J’ai vendu la maison de mon enfance pour acheter un logement en Sicile

J'ai vendu la maison de mon enfance pour acheter un logement en Sicile

Cet essai tel que raconté est basé sur une conversation avec Kat Moore. Il a été édité pour des raisons de longueur et de clarté.

En 2022, mon mari et moi avons visité la Sicile pour la première fois. Je suis tombée amoureuse de l’île et j’ai dit à mon mari que je voulais y acheter une maison pour y vivre un jour. Il pensait que j’étais fou, mais j’étais catégorique.

Les Siciliens ont tendance à mener un rythme de vie plus lent. Aux États-Unis, l’accent est mis sur le travail en tant qu’identité. C’est stressant et accablant, et j’avais envie d’un mode de vie différent. Un rythme différent.

Trois ans plus tard, en mars 2025, nous étions en Sicile pour les vacances de printemps et j’ai visité 50 maisons pour avoir une idée de ce qui était proposé et combien nous allions dépenser.

Quand nous avons vu l’un des derniers endroits que nous avons visités, un appartement à Ortigia, le cœur historique de la Sicile, avec un balcon donnant sur la mer, j’ai su que c’était la maison que nous allions acheter.

J’étais prêt à vendre la maison dans laquelle j’ai grandi

Je voulais faire une offre tout de suite, mais mon mari se demandait si c’était une décision financièrement solide. Je lui ai dit que j’étais prêt à vendre la maison de ma mère à Miami – la maison familiale dans laquelle j’avais grandi.

J’étais connecté à la maison de ma mère, je l’avais conservée même si ma mère était décédée 14 ans auparavant. Elle était cubaine et a déménagé aux États-Unis pendant les troubles politiques à Cuba dans les années 1950 et 1960. Elle a tout risqué pour trouver une vie meilleure aux États-Unis, se déracinant et repartant à zéro dans un lieu et une culture qu’elle ne connaissait pas.

S’il y avait une raison de vendre sa maison à Miami, acheter l’appartement en Sicile aurait été une raison que ma mère aurait approuvée. Je savais que c’était la bonne chose à faire.

Nous avons mis la maison à Miami sur le marché et elle s’est vendue en un mois. Nous avons utilisé l’argent de la vente de la maison pour acheter l’appartement en Sicile pour un peu moins de 600 000 $, en juin 2025.
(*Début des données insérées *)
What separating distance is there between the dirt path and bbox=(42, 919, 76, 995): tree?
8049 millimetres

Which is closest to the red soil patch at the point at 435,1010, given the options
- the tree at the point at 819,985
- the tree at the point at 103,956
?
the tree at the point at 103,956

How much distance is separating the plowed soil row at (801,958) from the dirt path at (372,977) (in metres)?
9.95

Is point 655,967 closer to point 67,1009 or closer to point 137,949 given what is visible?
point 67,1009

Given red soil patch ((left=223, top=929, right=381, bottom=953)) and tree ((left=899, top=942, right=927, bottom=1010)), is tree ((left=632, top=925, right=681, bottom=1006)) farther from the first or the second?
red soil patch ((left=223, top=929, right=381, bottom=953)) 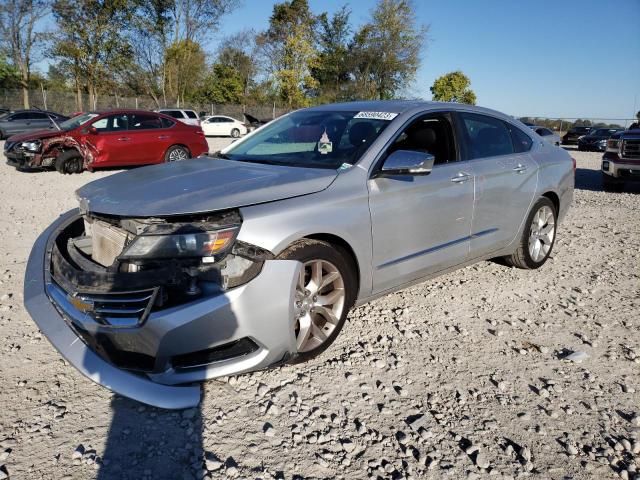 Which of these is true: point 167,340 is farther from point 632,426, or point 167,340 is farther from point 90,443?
point 632,426

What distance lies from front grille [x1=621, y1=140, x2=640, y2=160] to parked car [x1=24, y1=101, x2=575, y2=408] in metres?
6.93

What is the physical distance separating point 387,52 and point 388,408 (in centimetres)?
4711

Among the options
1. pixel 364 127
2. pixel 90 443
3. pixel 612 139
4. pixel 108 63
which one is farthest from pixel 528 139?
pixel 108 63

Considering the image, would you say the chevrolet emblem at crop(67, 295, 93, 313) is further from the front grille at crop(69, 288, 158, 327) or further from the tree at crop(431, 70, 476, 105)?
the tree at crop(431, 70, 476, 105)

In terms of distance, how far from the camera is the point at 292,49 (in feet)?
135

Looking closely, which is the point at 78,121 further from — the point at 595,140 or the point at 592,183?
the point at 595,140

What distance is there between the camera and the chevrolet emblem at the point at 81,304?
93.6 inches

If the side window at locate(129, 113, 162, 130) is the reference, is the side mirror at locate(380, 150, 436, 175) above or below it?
below

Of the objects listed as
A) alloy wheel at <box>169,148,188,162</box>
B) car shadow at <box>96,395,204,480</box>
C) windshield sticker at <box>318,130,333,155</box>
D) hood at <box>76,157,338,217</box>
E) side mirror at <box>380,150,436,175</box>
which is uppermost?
alloy wheel at <box>169,148,188,162</box>

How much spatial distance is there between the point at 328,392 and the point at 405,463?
645 millimetres

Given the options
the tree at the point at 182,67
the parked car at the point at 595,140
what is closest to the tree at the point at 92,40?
the tree at the point at 182,67

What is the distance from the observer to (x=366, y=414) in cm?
248

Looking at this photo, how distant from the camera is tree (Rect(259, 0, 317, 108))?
1620 inches

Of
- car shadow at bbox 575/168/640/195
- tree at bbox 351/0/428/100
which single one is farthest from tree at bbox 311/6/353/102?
car shadow at bbox 575/168/640/195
Cela a demandé beaucoup de travail

L’appartement nécessitait beaucoup de travaux : une cuisine, une nouvelle plomberie, de l’électricité et des sols, ainsi qu’une nouvelle décoration. Les travaux à eux seuls (sans aucun matériel) coûteraient environ 96 000 $.

Comme je parlais italien, j’ai pu trouver des entrepreneurs locaux pour réaliser les travaux pendant que nous retournions en Californie pour nos travaux. Tous les travaux ont été terminés en six mois environ, et je faisais des allers-retours en Sicile dès que je le pouvais pour superviser le travail effectué.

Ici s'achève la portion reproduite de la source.